A broad collection of tables and charts covering health and safety in the U.S. construction industry, as well as considerable economic and training data.
Section 24: Hourly Wages, by Union Status and Region, Gender, Ethnicity, and Race
Wages of production (blue-collar) construction workers vary by region, gender, ethnicity, race, and union membership, according to data collected by the U.S. Census Bureau’s Current Population Survey (CPS). Unlike the Occupational Employment Statistics program that collects wage data from employers (see chart book page 23), the CPS asks wage earners about their hourly pay, excluding overtime pay, tips, and commissions (see chart book page 9). Collecting data on hourly pay in this manner permits researchers to get a clear picture of wage rates overall. Collecting information about each wage earner permits researchers to compare wage rates among different groups.Among the most durable differences in wages in construction is the substantial advantage union members hold over non-union workers. Among production workers, union members have a 58.6% wage advantage over non-union workers: the average union wage is $22.20, compared to an average non-union wage of $14.00. Some of this difference is explained by occupation, education, age, and experience. For instance, production workers who are union members, on average, are slightly older and more educated than non-union workers (see chart book pages 13 and 28). The higher union wage may also reflect higher productivity and training levels that cannot be measured using this survey.

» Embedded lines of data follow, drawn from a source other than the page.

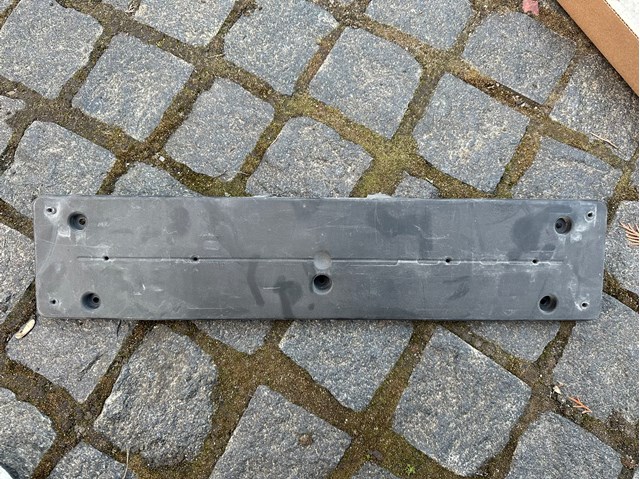 Рамка номерного знака автомобіля передня 51138064628 BMW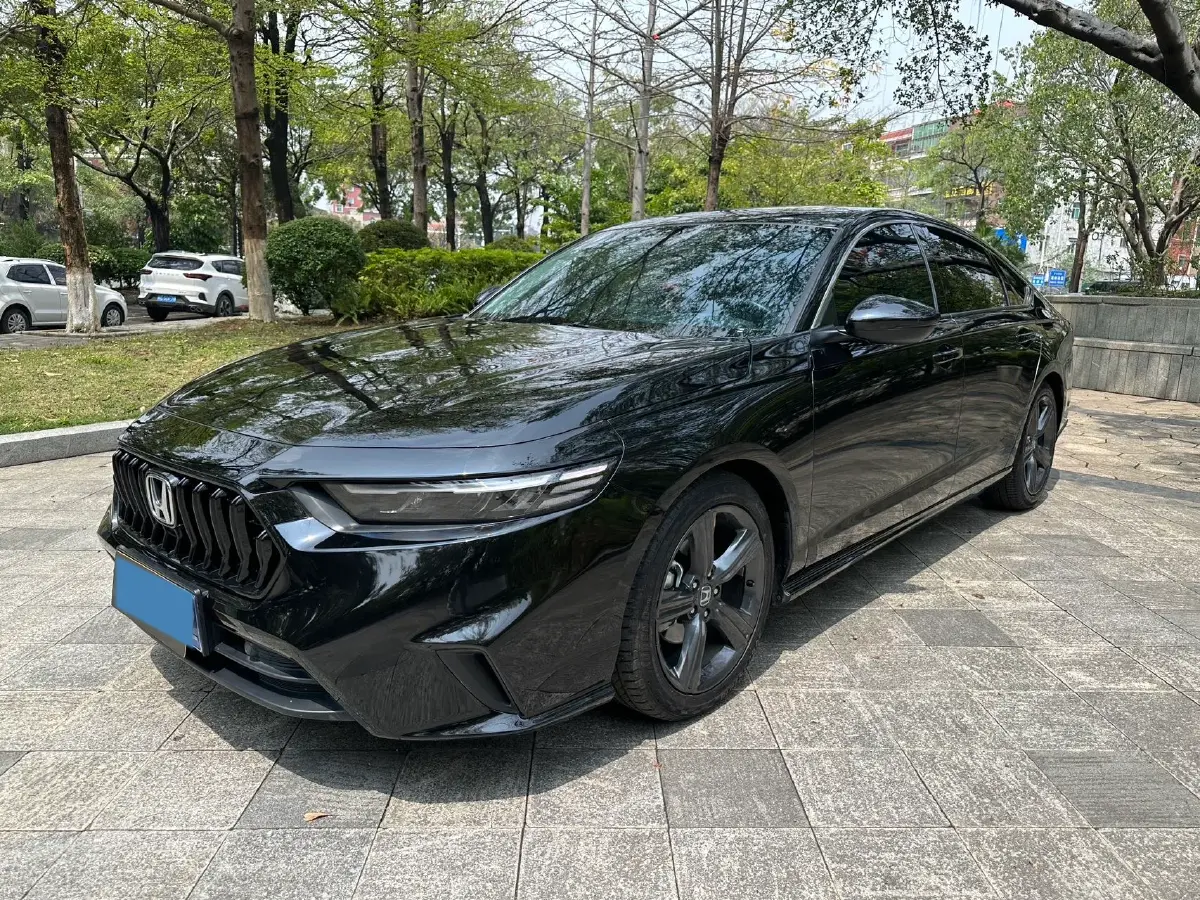 2023 Honda Inspire 1.5T 192HP L4 CVT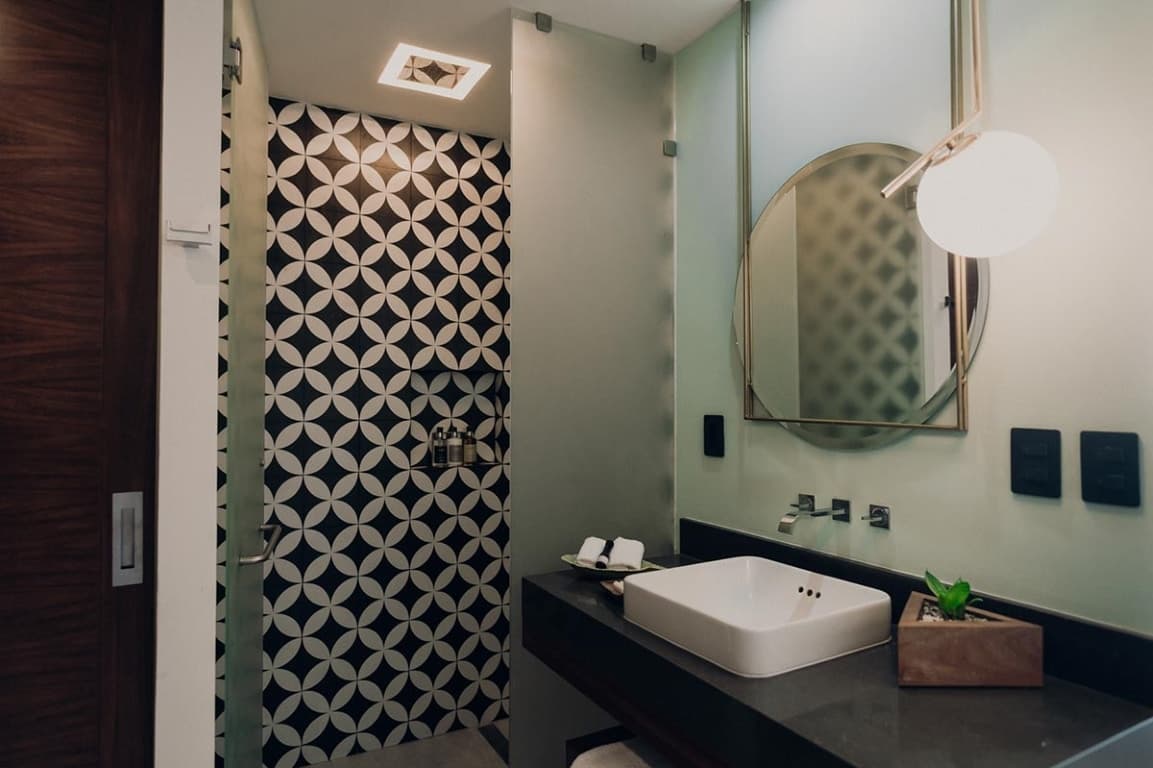 31 Room Boutique Hotel - Image 5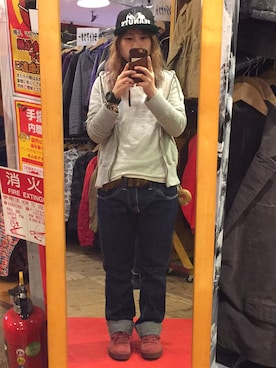 「KIN（キン）のアイテム」を使った、春空さん（レディース・152cm）の春コーディネート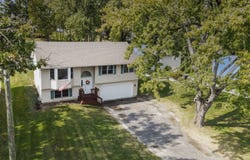 5215 N Lake Street, McHenry, IL 60050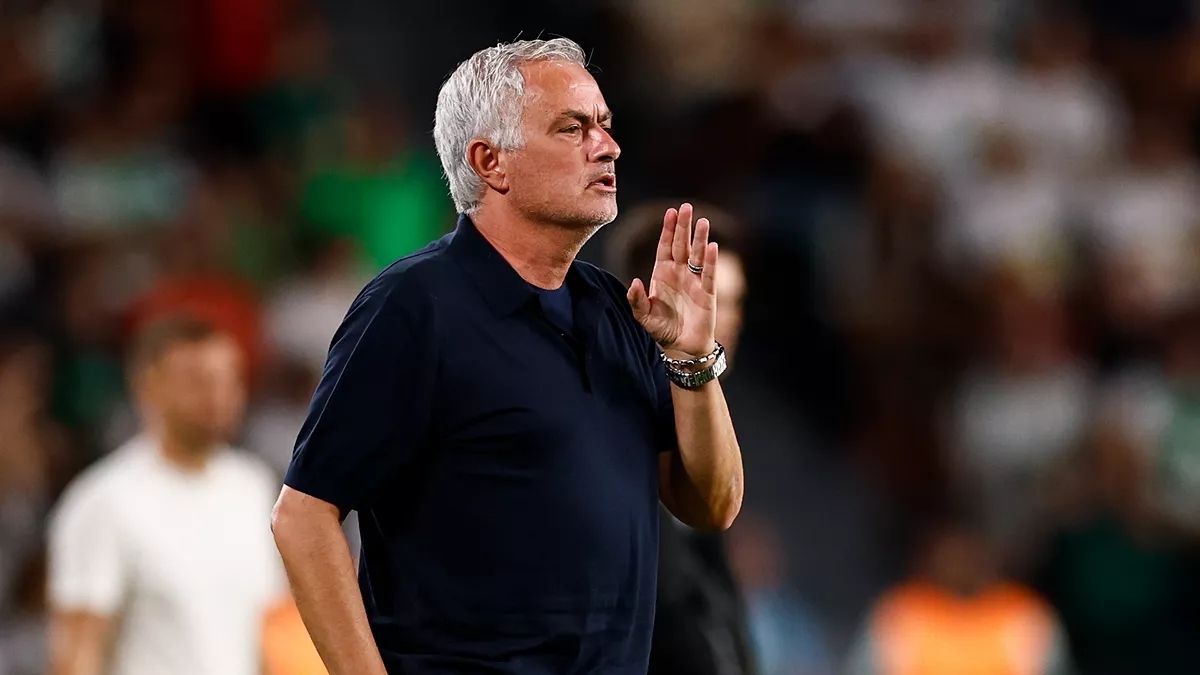 Real Madrid Menang Dramatis di Markas Roma, Mourinho Malah Tak Mau Selebrasi: Alasannya Bikin Haru!
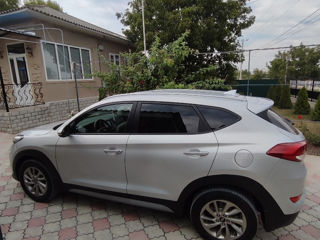 Hyundai Tucson foto 2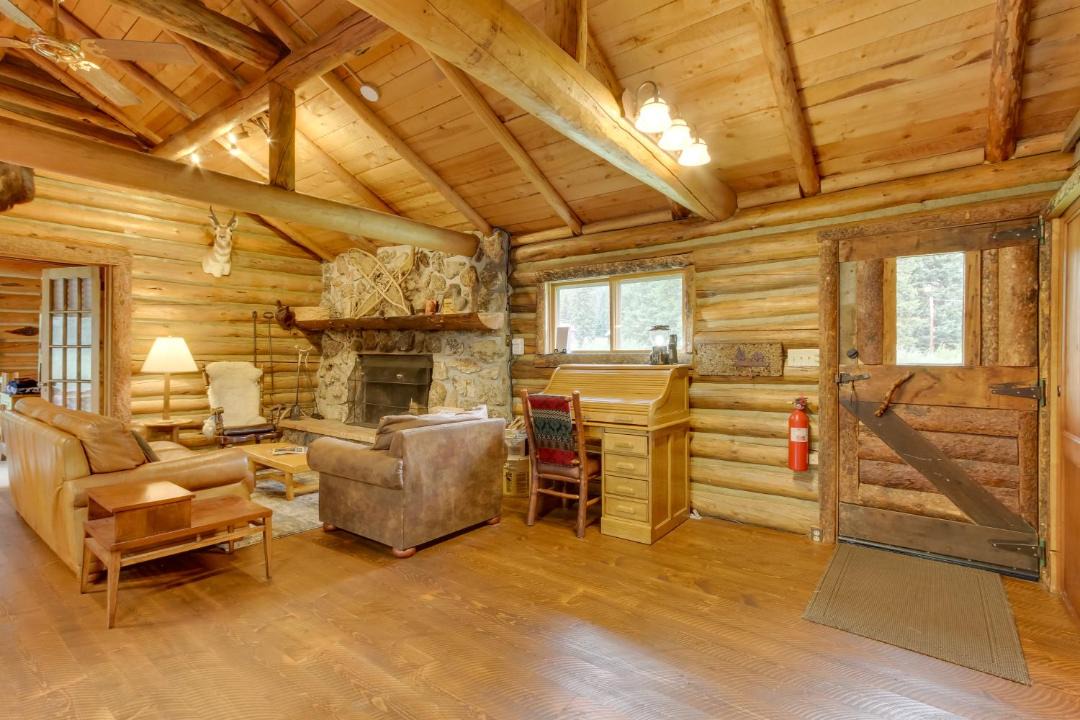 Photo of Livingroom in Cooke City-Silver Gate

When wages are compared among U.S. regions, construction workers in the South, which is less unionized than other regions, made less than their counterparts in other regions – either union or non-union workers. The average hourly wage in the South is about $4, or 23% less than that in the Northeast and Midwest, and nearly $3, or 17% less than in the West (chart 24a).
For women workers in construction production occupations, as for men, union pay is roughly 1.5 times higher than nonunion pay (chart 24b). The average wage difference between women and men in the union sector is 9% compared with 14% in the non-union sector.
Other workers in construction who are union members earn a higher hourly wage, on average, than non-union workers. The average wage difference between Hispanic and white, non- Hispanic workers in the union sector is 9% compared with 19% in the non-union sector (chart 24c). Similarly, unionized minority workers earn a higher wage, on average, than their counterparts who worked in nonunionized construction sectors (chart 24d).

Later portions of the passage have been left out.